### PROBLEM REQUIREMENTS:
Make an exact copy of the entries below and leave any picture out of it.

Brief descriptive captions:
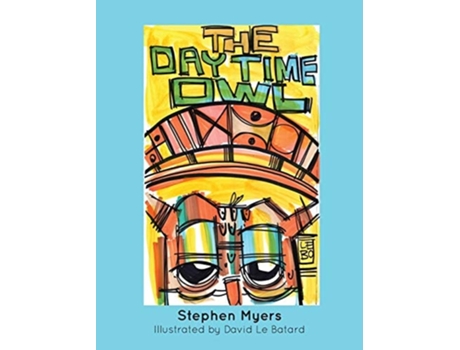 Livro The Daytime Owl De Stephen Myers (inglês - Capa Dura)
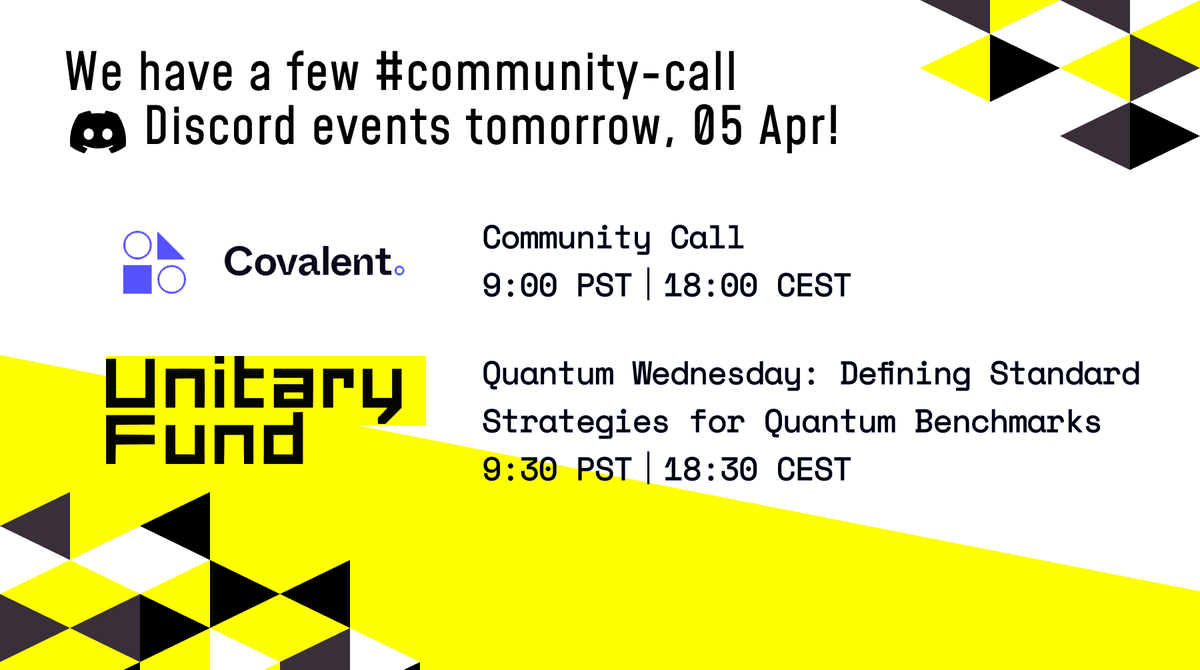unitaryfdn's tweet image. We have a few #communitycall Discord events tomorrow, 05 Apr! Join us as we conduct the Covalent community call and learn more about Defining Standard Strategies for Quantum Benchmarks with the UF team on our Quantum Wednesdays!

#opensource #quantumcommunity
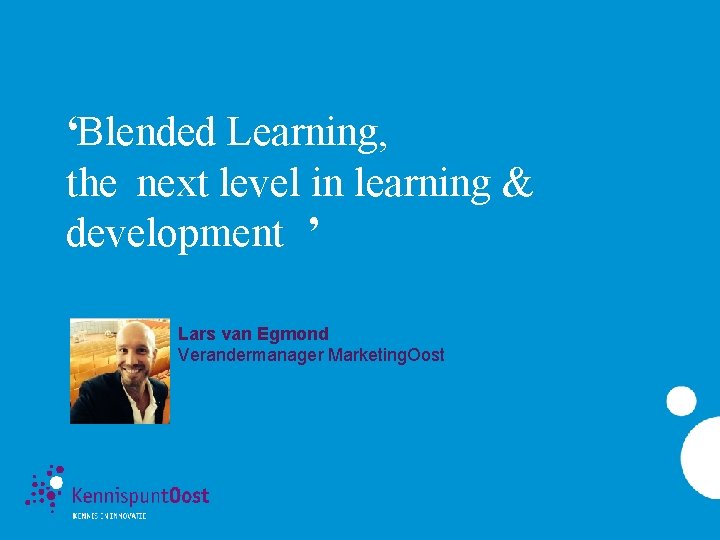 ‘Blended Learning, the next level in learning & development ’ Lars van Egmond Verandermanager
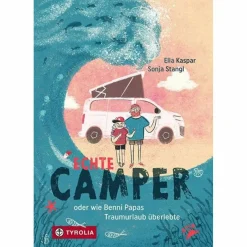 Kinder Kinderromane Und Geschichten|Kinderbücher Und Jugendbücher^ECHTE CAMPER - Kinderbuch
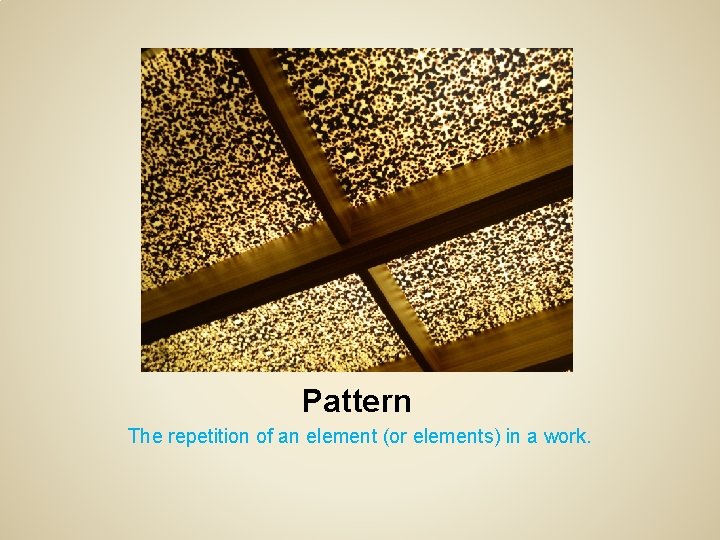 Pattern The repetition of an element (or elements) in a work.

### YOUR SOLUTION:
 Livro The Daytime Owl De Stephen Myers (inglês - Capa Dura)
unitaryfdn's tweet image. We have a few #communitycall Discord events tomorrow, 05 Apr! Join us as we conduct the Covalent community call and learn more about Defining Standard Strategies for Quantum Benchmarks with the UF team on our Quantum Wednesdays!

#opensource #quantumcommunity
 ‘Blended Learning, the next level in learning & development ’ Lars van Egmond Verandermanager
 Kinder Kinderromane Und Geschichten|Kinderbücher Und Jugendbücher^ECHTE CAMPER - Kinderbuch
 Pattern The repetition of an element (or elements) in a work.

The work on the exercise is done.